Those engaging in the trading of items through the online access of a computer system often need additional information to determine the details of that which is being offered as the subject of the trade, to gauge the merits of the trade, and possibly plan a more involved trading strategy. For purposes of this application, the term “trading” includes the transfer of any consideration for the subject of the trade—termed “item” herein—and the ordering of one or more items. An “item” may be anything of value including a financial security, for example, stocks, commodities, bonds and derivatives such as futures, forwards, options, and swaps. A “customer” is any individual or entity that may, or does engage in the trading of items whose value varies according to market perception such as coins, stamps, books, objects of fine art, craftsmanship, and those having historical significance, among others. A customer is also referred to herein as an investor for purposes of this application. The present invention has application to all such items, including properties and securities, that may be bought and sold in a generally open marketplace at a price that varies according to market perception, including with respect to the trading of stock equity options. Embodiments of the present invention will be described by reference to one type of item—security options—but has utility with respect to all items.

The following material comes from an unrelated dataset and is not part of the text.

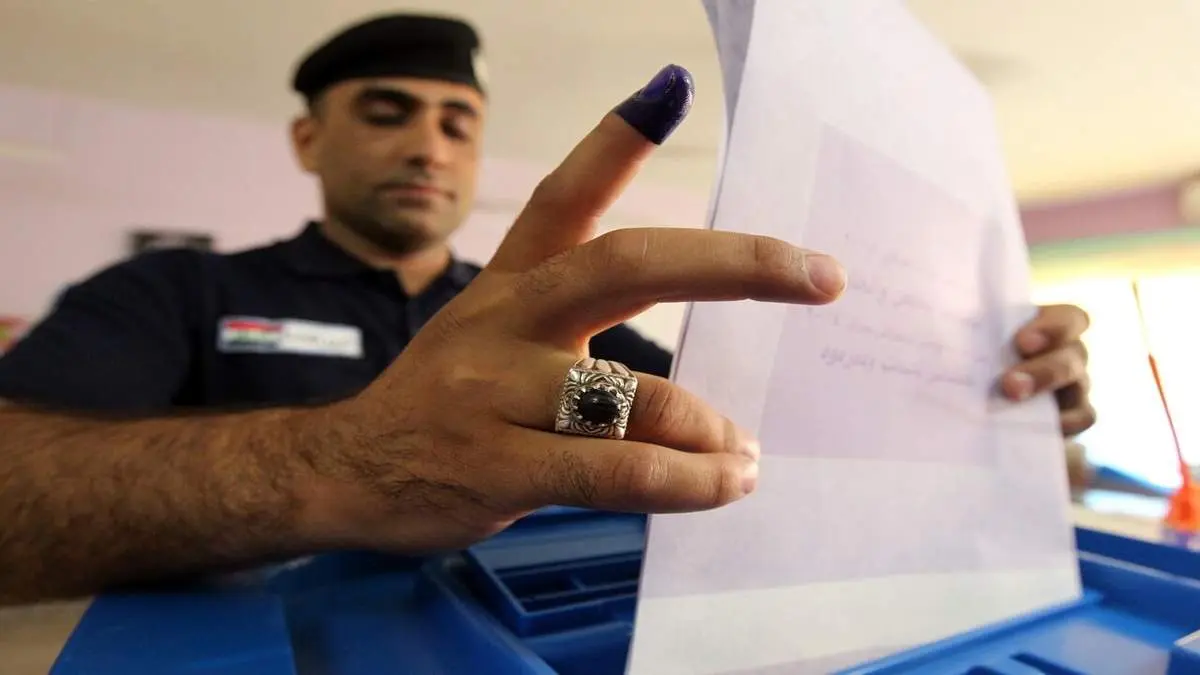 آخرین اخبار از انتخابات عراق؛ چه کسانی انصراف دادهاند؟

Security options—such as stock options—are essentially contract rights that can be bought and sold on the open market. By paying a certain premium amount, the owner of an option acquires the right to buy or sell the underlying security at a designated strike price during a limited period of time prior to expiration of the option. Buyers and sellers of options are termed “holders” and “writers”, respectively. A “call option” is an option to buy a certain security at a specific price on or before a certain date. If the underlying security increases in value over the strike price, the value of the call option then increases, as well. The owner of a call option may exercise the right to purchase the security before the expiration date of the option, logically whenever the security exceeds the strike price, at which time the option seller becomes obligated to sell the security. If the security does not exceed the strike price, the owner has lost nothing more than the price paid for the option, or the option premium. A “put option” is an option to sell a security at a specific price on or before a certain date. The owner of a put option may exercise the right to sell the security before the expiration date of the option, logically whenever the security falls beneath the strike price, at which time the option seller becomes obligated to buy the security. If the security does not fall beneath the strike price, the owner has again lost nothing more than the option premium.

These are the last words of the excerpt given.